Recently, there have been solicitations and advertisements for work-at-home personnel for certain “specialised services” such as billing services – medical and utility – and arts and crafts-based work. Do some market research before you sign up. How feasible are these efforts on your part – i.e. is there a market in your area for these services? If you are being recruited with the promise that existing customers are already using such services, contact them for confirmation, and get a more complete picture of the services required.
This tip actually goes hand-in-hand with the previous one. Before you begin taking on any type of specialised work, check whether there are any special legal requirements. These may include licensing requirements, registrations and zoning for certain types of business activities. Check with local authorities, for example, your municipality and the Registrar of Companies for these requirements.
Check Information Sources
Before you plunge into any particular business type, check information sources, for example trade journals and websites such as the Malaysian Franchise Association. They would be able to provide you with valuable and reliable information on news, training, events and happenings. Also, you are likely to find details on links – both government and industry – as well as have access to forums to ask questions, air concerns and so forth.

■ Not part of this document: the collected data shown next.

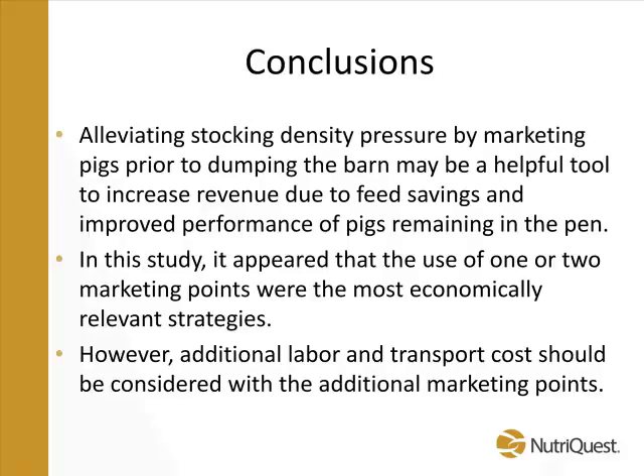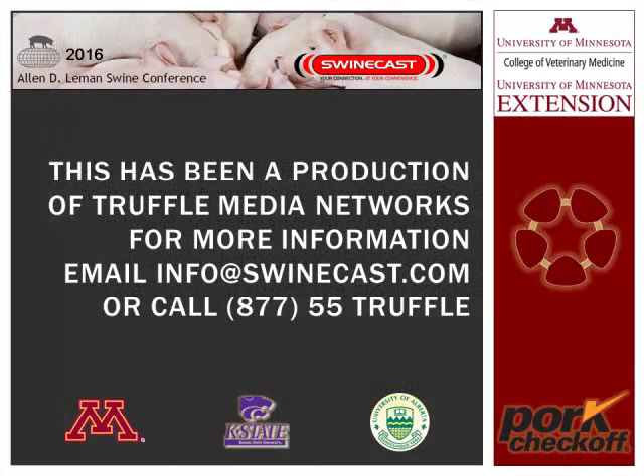Alleviating stocking density pressure by marketing pigs prior to dumping the barn is obviously a helpful tool. In this study, one or two marketing events appeared to be the most economically viable. The 2-2-2 treatment served as a validation point to understand how well Harold and Mike's equations predicted the animal's need. One key consideration, as Mike discussed earlier, is that you must account for the additional labor and transport costs that come with additional marketing events as you make marketing plans and schedules for your operation.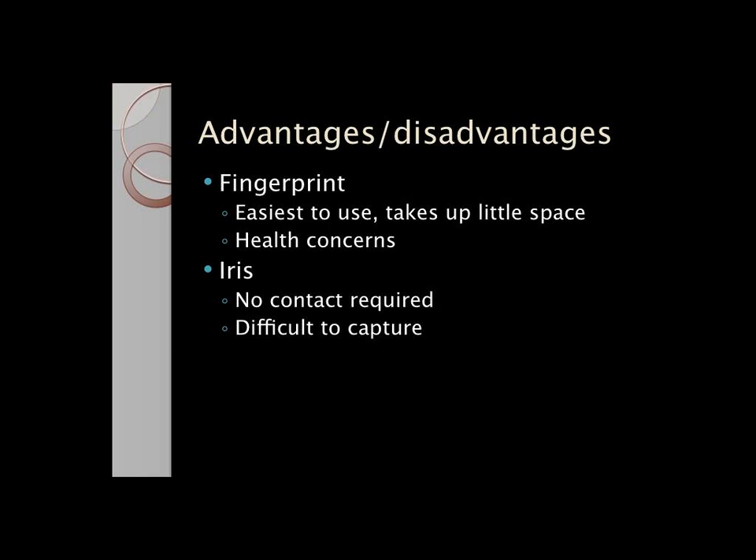With iris, you just put your eye in front of the scanner and it takes an image. It's sometimes difficult to capture, because if you move, the image will get blurry and it won't be a match.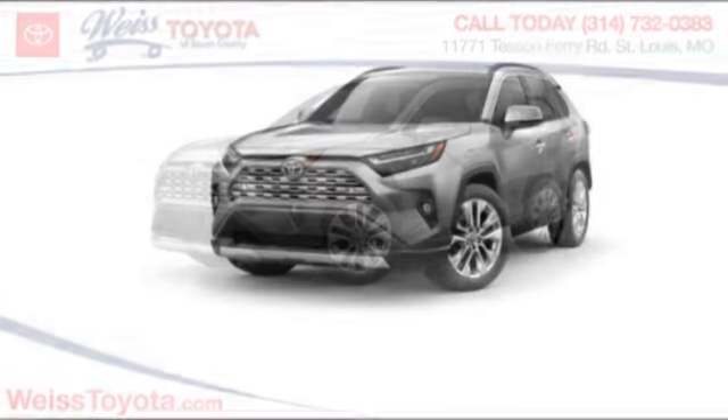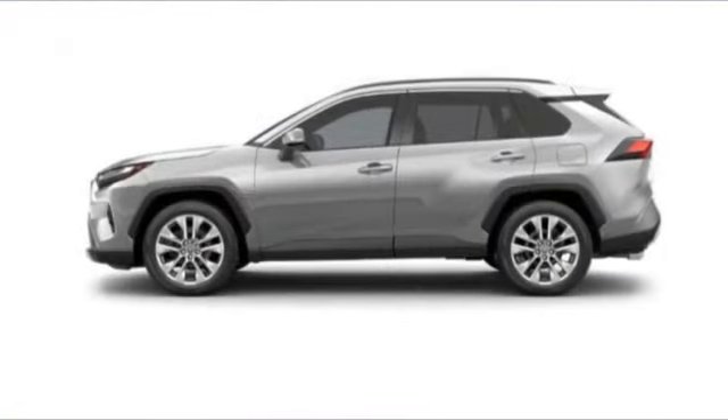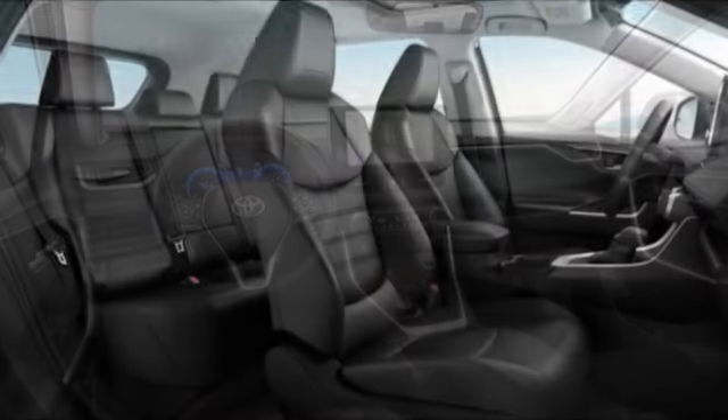Here are some of this vehicle's great options: tire pressure monitor, blind spot monitor, all-wheel drive, heated mirrors, aluminum wheels, rear spoiler, power liftgate, brake assist, traction control, stability control.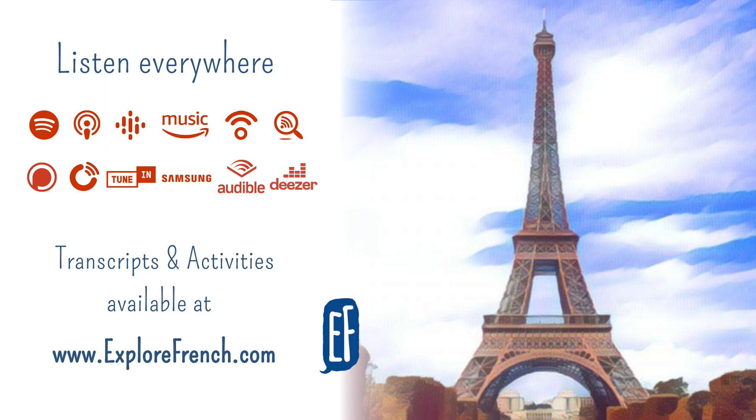La basilique du Sacré-Cœur – the basilica of le Sacré-Cœur. Sacré-Cœur means sacred heart. À Montmartre. In Montmartre. L'Opéra Garnier. The Garnier Opera. Les Invalides. Le Panthéon. The Panthéon. D'après vous, comment ça s'écrit Panthéon ? According to you, how do you write that ? How is it spelled ? Panthéon, ça s'écrit P-A-N-T-H-E-O-N.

Beware Of Advances Or Special Offers
Part of “sniffing out” a scam involves looking out for so-called advances on your wages upon starting up with a company. This is one common method employed in order to gain your trust, as well as to swindle you out of your money. First, you are sent a cheque – supposedly an advance on your first month’s pay. This gives you confidence that you are part of a genuine enterprise. Of course, upon receiving the payment, you deposit your cheque. Just before the cheque gets cleared, you are contacted by the company and asked to return a portion of the money, or to send back the cheque because of some trifling mistake, with a promise that you would be paid the right amount very soon. After you return the money (with your own cheque), you will hear that the company’s cheque has bounced. Thus, the scam succeeds in getting your money. And you get a bounced cheque back from your bank – with no hope of getting a refund from the con company.
Pyramid – A Shape To Watch Out For
Pyramid schemes are bad news, whichever way you look at it. Basically, it is any venture that involves “expansion of business” not through the genuine exchange of goods or services for a fee, but through the recruitment of so-called new members who are supposed to continue expanding the “business” by recruiting even more suckers – sorry, “members”. Sometimes, the pyramid scam company would pretend that there is a genuine article that you can actually purchase, for example paintings, but if you study it further, you will see that the main activity is the enlargement of the base of the pyramid by getting more “downliners”. Often, the initial inducement, at least for the early members, involves large payments. This has happened a lot, unfortunately, in our country, and many innocent folk have been conned into parting with larger sums of money after having received their initial payout. Then, they lose their hard-earned money when the pyramid collapses, as every pyramid must.